#### [Problem description]
Please return every line of the records below that contains the word "Thanks".

#### [Task data]
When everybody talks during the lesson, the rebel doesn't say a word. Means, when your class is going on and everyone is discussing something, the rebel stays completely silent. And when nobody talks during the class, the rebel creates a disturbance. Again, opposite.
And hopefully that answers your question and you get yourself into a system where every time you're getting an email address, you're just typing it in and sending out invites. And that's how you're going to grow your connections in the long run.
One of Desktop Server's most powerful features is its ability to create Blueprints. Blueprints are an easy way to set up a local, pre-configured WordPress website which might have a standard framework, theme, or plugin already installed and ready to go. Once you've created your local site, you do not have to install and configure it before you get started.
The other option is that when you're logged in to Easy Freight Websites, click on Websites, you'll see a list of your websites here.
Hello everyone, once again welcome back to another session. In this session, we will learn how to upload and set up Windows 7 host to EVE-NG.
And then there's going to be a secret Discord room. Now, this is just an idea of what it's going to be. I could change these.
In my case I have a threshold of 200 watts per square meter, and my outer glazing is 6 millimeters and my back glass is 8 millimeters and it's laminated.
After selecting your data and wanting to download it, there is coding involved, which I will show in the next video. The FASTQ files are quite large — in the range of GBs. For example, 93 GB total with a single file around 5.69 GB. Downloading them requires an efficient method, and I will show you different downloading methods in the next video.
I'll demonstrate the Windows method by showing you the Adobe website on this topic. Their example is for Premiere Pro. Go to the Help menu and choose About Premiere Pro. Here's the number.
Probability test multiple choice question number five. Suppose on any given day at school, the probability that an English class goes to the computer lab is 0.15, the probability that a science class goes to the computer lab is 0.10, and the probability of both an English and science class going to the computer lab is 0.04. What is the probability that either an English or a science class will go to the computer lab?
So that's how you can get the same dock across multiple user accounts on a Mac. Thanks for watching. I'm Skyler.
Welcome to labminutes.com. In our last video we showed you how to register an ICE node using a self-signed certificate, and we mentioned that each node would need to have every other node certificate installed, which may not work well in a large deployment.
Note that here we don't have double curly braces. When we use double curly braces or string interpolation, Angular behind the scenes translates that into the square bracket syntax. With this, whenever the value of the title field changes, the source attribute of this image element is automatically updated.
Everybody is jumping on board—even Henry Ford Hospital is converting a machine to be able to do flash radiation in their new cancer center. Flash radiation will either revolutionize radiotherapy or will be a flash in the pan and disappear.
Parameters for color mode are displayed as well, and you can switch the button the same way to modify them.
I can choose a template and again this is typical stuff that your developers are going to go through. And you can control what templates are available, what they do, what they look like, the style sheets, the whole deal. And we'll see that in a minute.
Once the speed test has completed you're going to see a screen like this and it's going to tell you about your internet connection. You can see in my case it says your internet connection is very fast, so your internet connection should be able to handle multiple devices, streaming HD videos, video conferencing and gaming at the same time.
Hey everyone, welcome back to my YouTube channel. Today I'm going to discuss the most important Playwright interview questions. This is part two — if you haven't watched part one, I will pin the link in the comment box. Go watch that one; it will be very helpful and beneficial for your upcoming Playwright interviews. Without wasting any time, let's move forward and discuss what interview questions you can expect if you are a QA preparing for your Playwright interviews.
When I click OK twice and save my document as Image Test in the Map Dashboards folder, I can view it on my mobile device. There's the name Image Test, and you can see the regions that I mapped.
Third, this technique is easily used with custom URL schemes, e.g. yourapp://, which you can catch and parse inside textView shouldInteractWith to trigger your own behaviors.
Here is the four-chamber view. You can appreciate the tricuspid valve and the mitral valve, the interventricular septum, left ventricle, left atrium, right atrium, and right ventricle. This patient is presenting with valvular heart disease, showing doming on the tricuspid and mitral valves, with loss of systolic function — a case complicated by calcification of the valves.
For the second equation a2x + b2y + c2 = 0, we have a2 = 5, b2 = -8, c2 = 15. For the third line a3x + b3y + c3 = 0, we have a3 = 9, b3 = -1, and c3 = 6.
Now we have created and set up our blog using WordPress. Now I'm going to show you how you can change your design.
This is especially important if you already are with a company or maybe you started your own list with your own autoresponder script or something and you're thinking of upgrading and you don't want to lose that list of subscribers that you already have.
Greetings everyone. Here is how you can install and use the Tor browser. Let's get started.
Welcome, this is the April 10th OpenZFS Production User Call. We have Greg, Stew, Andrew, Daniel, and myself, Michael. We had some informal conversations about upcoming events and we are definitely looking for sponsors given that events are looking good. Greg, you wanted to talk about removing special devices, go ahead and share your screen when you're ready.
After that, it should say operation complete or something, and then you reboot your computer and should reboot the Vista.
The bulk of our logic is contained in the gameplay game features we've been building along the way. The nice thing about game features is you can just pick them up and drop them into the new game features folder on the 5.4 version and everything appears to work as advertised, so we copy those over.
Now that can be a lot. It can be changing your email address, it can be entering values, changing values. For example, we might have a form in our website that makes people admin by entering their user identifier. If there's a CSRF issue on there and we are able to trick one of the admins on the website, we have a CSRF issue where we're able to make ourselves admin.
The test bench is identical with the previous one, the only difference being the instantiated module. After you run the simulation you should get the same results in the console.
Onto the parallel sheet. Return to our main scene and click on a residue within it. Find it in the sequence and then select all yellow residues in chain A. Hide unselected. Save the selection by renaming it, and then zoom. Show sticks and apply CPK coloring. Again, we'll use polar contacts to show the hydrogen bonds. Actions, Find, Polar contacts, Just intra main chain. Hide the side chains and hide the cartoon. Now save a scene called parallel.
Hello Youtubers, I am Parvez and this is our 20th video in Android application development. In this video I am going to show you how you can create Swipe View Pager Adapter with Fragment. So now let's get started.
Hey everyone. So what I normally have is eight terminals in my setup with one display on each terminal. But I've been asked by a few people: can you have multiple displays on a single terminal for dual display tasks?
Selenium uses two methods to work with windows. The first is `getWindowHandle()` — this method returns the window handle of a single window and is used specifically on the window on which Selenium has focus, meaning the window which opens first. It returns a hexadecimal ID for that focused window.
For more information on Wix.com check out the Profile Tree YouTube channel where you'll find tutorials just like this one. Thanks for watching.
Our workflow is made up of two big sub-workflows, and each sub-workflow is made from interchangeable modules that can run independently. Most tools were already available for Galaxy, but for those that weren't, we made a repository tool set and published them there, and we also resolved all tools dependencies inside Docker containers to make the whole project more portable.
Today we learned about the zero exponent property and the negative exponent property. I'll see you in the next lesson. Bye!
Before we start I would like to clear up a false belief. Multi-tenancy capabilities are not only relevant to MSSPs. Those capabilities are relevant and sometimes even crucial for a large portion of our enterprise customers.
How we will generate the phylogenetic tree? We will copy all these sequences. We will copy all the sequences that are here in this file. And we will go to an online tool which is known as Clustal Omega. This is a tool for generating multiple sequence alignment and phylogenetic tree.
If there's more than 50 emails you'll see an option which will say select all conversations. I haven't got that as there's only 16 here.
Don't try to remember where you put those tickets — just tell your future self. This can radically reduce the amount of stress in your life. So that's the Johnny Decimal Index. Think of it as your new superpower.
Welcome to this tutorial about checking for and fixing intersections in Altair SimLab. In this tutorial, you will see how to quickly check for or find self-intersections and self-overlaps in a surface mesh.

#### [Solution to this problem]
So that's how you can get the same dock across multiple user accounts on a Mac. Thanks for watching. I'm Skyler.
For more information on Wix.com check out the Profile Tree YouTube channel where you'll find tutorials just like this one. Thanks for watching.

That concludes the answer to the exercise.